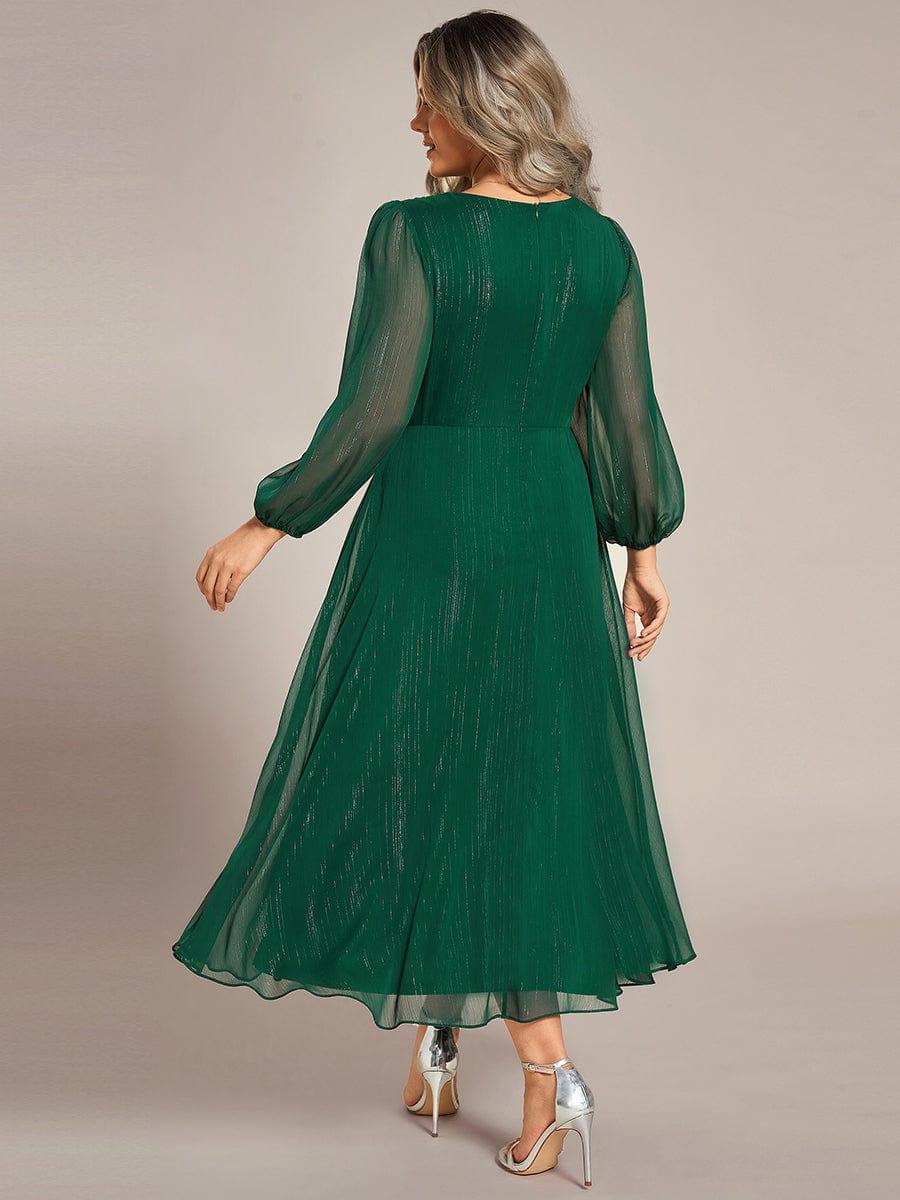 Chic Plus Size Long Sleeves A-Line V-Neck Evening Dress Tea-Length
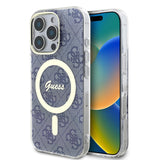 Husa pentru iPhone 16 Pro, Guess IML 4G MagSafe (GUHMP16LH4STB), albastru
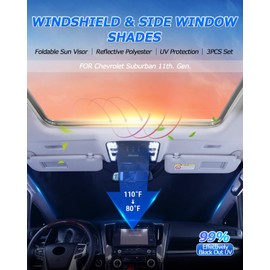 Karltys - Parasol plegable para parabrisas Chevy Suburban 2015-2020, paquete de 3 fundas para ventana delantera y lateral para parabrisas Suburbano, protector de visera reflectante para bloqueo de 99%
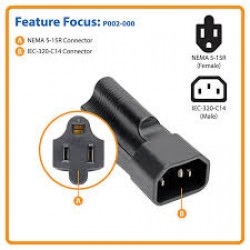 P002-000 NEMA 5-15R to C14 Power Cord Adapter - 10A, 125V, Black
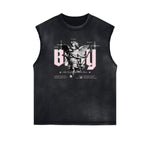 Stone Wash Cupid Sniper Streetwear Tank Top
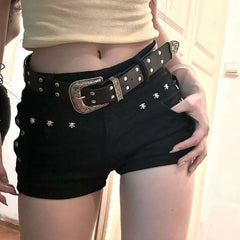 Stretch Bodycon Rivet Low Rise Shorts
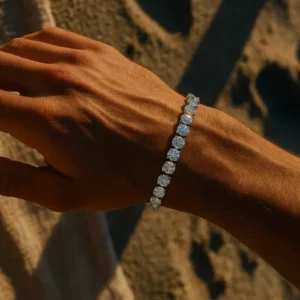 צמיד טניס משובץ זירקונים עגולים גדולים במיוחד לגבר – רויאל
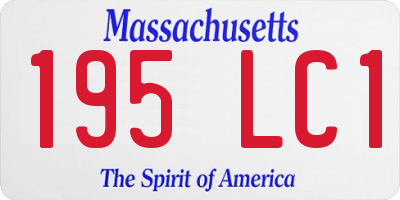 MA license plate 195LC1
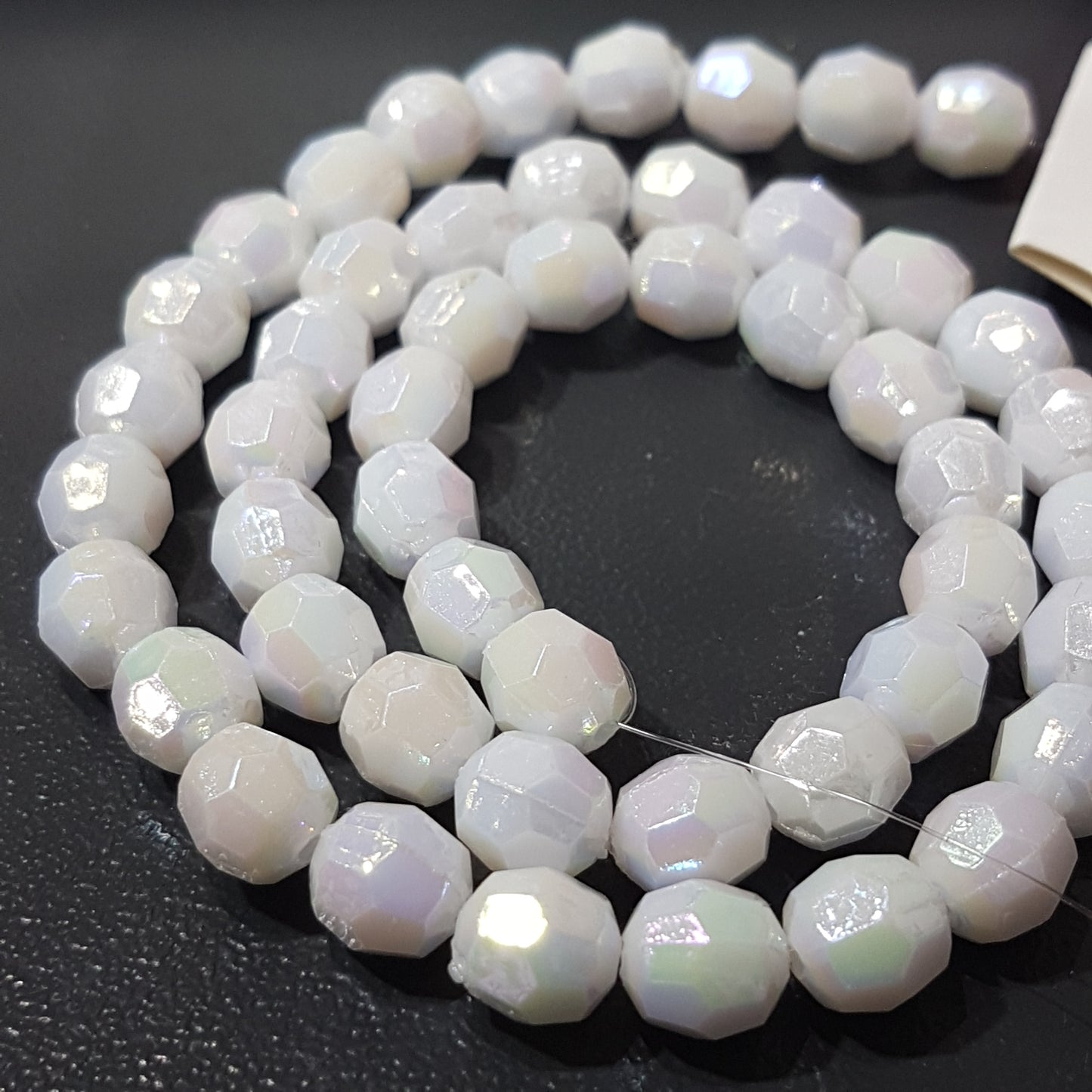 50pc White AB Faceted Acrylic Beads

Your objective: Write out the data exactly, but not its pictures.

Solution:
 Chic Plus Size Long Sleeves A-Line V-Neck Evening Dress Tea-Length
 Husa pentru iPhone 16 Pro, Guess IML 4G MagSafe (GUHMP16LH4STB), albastru
 Karltys - Parasol plegable para parabrisas Chevy Suburban 2015-2020, paquete de 3 fundas para ventana delantera y lateral para parabrisas Suburbano, protector de visera reflectante para bloqueo de 99%
 P002-000 NEMA 5-15R to C14 Power Cord Adapter - 10A, 125V, Black
 Stone Wash Cupid Sniper Streetwear Tank Top
 Stretch Bodycon Rivet Low Rise Shorts
 צמיד טניס משובץ זירקונים עגולים גדולים במיוחד לגבר – רויאל
 MA license plate 195LC1
 50pc White AB Faceted Acrylic Beads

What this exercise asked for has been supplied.